Depuis 1993, le juge d’instruction a cessé d’être le seul maître de l’instruction s’agissant de la recherche de la vérité . Le juge effectuait en effet les actes qu’il voulait. Si les parties privées lui demandaient des recherches, il était libre de sa décision. Depuis 1993, cela est révolu : les parties privées peuvent réclamer les investigations qu’elles jugent utiles à la découverte de la vérité . Depuis cette date, le juge d’instruction est une sorte de détective public gratuit à la disposition des parties privées qui n’ont pas les mêmes moyens que le parquet pour réunir des preuves conformes à leurs intérêts.
Section 2 : La persistance de la nature inquisitoire de l’instruction
En dépit de cette évolution, on trouve encore les caractères principaux de la nature inquisitoire de l’instruction. En effet, le rôle des juridictions d’instruction est double. Le juge d’instruction est un enquêteur qui enquête à charge et à décharge . En même temps, ce juge est une juridiction . C’est ce que l’on a souvent dénoncé comme étant la schizophrénie du juge d’instruction, qui ne peut se démentir lui-même. Badinter a eu une formule célèbre : « il est à la fois Maigret et Salomon et on ne peut pas être les deux en même temps ». Il faut donc trouver des remèdes.

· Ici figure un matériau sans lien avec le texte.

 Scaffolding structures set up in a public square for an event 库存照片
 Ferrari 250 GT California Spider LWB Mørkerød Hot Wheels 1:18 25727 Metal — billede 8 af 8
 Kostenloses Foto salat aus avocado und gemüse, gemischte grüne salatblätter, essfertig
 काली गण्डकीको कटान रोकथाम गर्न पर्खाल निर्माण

L’un de ces remèdes a été d’ôter à ces juridictions d’instruction le pouvoir de procéder à une mise en détention provisoire. Depuis 2000, le placement en détention provisoire est décidé par le juge des libertés et de la détention. Il n’y a donc plus de schizophrénie.
Ensuite, un des remèdes auquel on a songé, a été de confier les décisions les plus importantes à des juridictions collégiales. C’est ce remède que l’on a ressuscité et qui devrait arriver le 1er janvier 2011 avec la collégialité de l’instruction. Actuellement, le remède proposé est plus radical : la suppression des juges d’instruction. Ce juge sera remplacé par le procureur, pour aller vers une autre schizophrénie, celle du parquet qui sera encore pire.

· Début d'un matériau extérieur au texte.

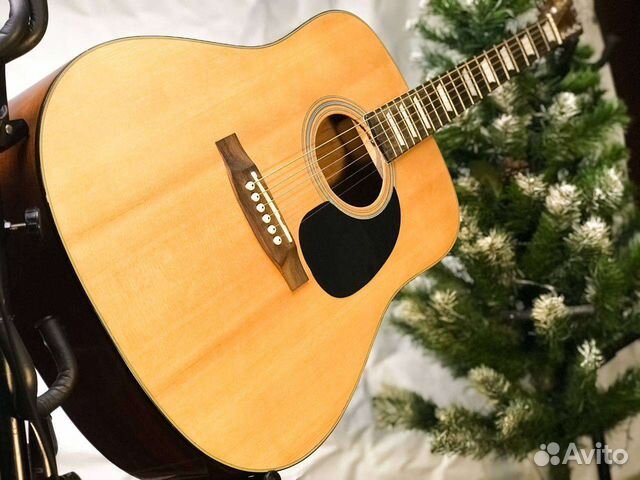 Гитара акустическая с чехлом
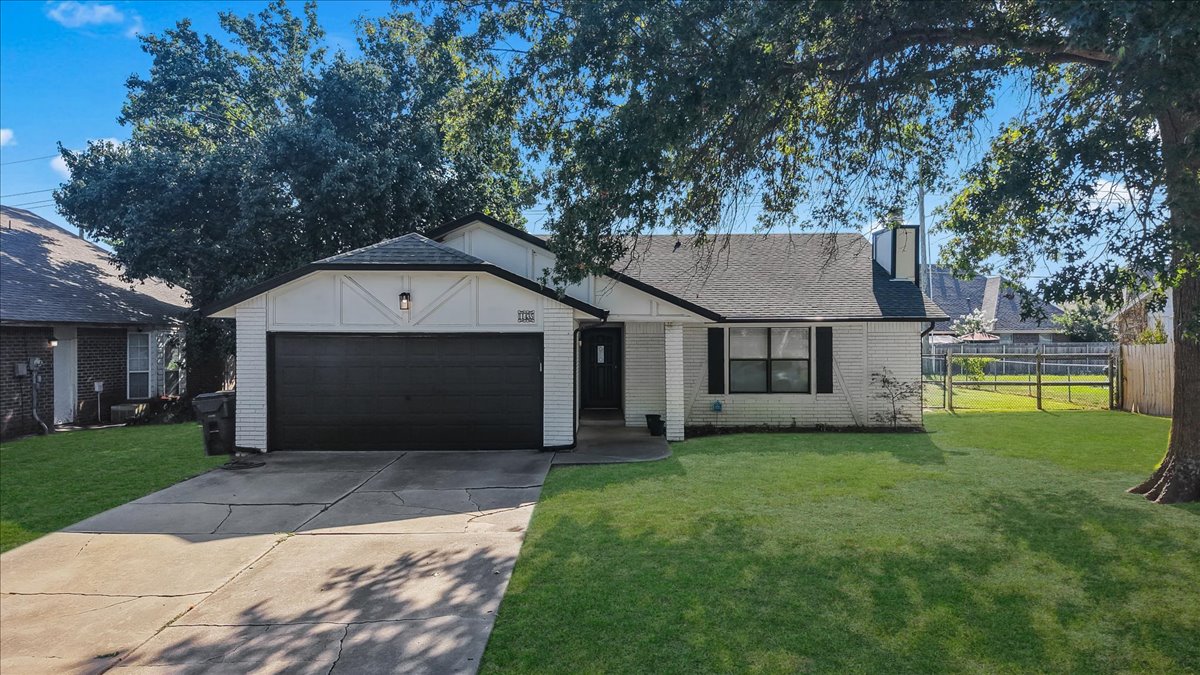 11435 S Douglas Avenue Property Photo 2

Dans le projet, l’instruction disparaît. L’actuelle instruction sera fondue au sein d’une enquête judiciaire qui serait faite à charge et à décharge par le ministère public. Le ministère public est partie à l’action publique, il est demandeur en sorte que la schizophrénie du juge d’instruction est pire s’agissant du parquet. La partie à l’action publique serait en même temps l’enquêteur.